As the report lays out, however, far too many states provide inadequate or nonexistent strategies for evaluating the results of their incentive programs. As a result, policy makers in these states have little or no way to assess whether the $11 billion states spent on these incentives every year really live up to their promised levels of job creation and economic growth.
Fortunately, North Carolina is not one of these negligent states. Similar to other recent studies, the Pew report finds that North Carolina is a national leader in evaluating the fiscal and economic impacts of the state’s discretionary incentives programs (including JDIG, OneNC, and JMAC), both before and after individual incentives are offered to prospective companies, and on a more comprehensive basis that looks at the annual combined effects of all the programs taken together.

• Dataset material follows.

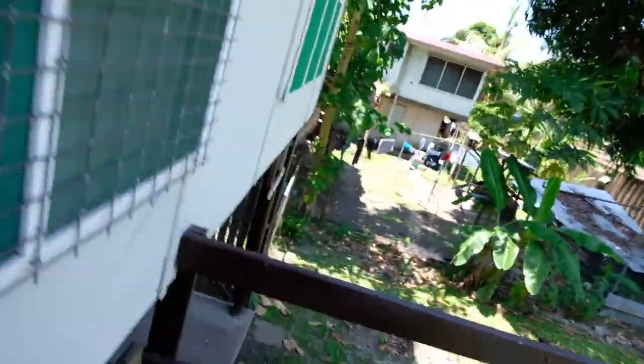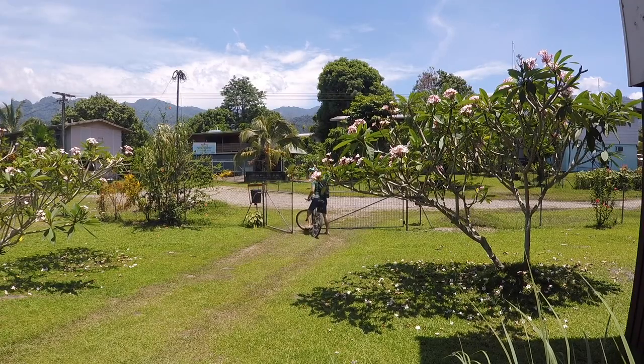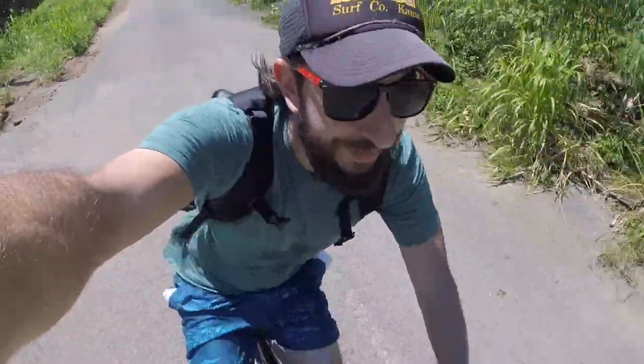Hey, it's Adam here from Travel Inspired. In this video I'm going to be looking at the Icebreaker Merino Cool Light shirt and putting it through its trials here in Papua New Guinea. Let's see how it lives up.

According to the report, the only area in which the state falls short is the area of integrating these evaluations into the formal policy making process such that legislators use them when determining the scope and scale of incentives that the state should offer—evidence based policy-making, in other words. The report suggests that while the N.C. Department of Commerce’s reporting and evaluation strategies are first-rate, the state still lacks a viable mechanism for translating these evaluations into actual legislative policy on an ongoing basis.
Although the report doesn’t mention it specifically, the ad hoc nature of the General Assembly’s oversight of economic development and incentive programs in past sessions may well contribute to this problem—a number of non-standing committees were authorized to assist in evaluating these programs, but they apparently rarely or never met in the years since 2007.
Beginning in the recently concluded long-session, however, the Joint Legislative Committee on Economic Development & Global Engagement Oversight has played this role by conducting a comprehensive assessment of the state’s entire economic development system, with the explicit intention of shaping future policy based on this evaluation.
Over the long term, the legislature should build on this work and consider a permanent committee to make this kind of evidence-based policy recommendations on a regular, ongoing basis, so that successive legislatures don’t re-invent the wheel every few sessions and maintain a consistent and effective oversight role for economic development incentives.
Good policy requires good evidence, and our state’s incentive programs should be as evidence-based as possible in order to fulfill their stated goals.